▶ [Exercise description] Nothing should appear in the answer except the lines below from the line containing "Fenerbahçe'den sürpriz transfer hamlesi!" through the line containing "Edison Bakır OFC Y Kablo (1 Takım)", copied exactly, with pictures left out.

▶ [Data to process]
------
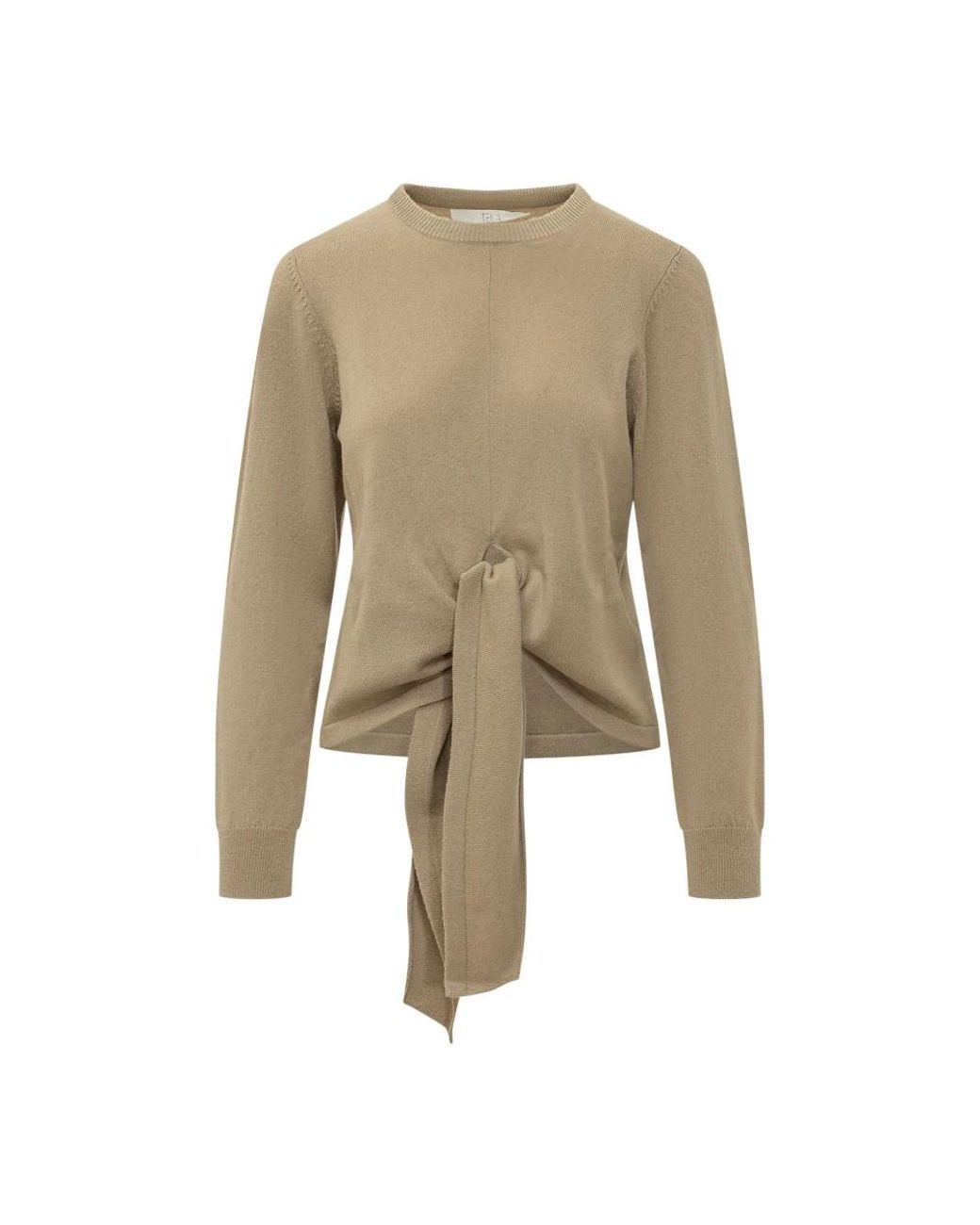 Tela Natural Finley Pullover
------
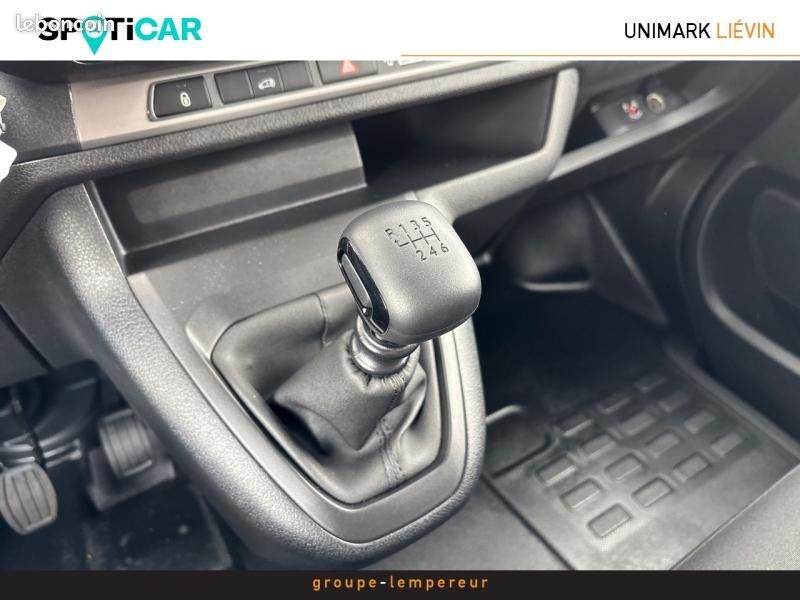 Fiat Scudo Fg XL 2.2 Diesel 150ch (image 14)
------
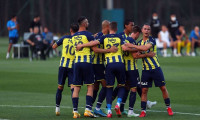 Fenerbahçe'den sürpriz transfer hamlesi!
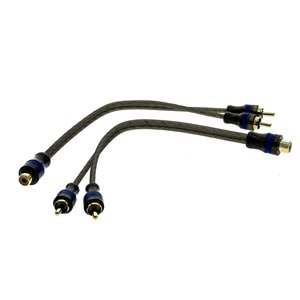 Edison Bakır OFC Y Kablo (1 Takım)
------
▶ [Response for this exercise]
 Fenerbahçe'den sürpriz transfer hamlesi!
 Edison Bakır OFC Y Kablo (1 Takım)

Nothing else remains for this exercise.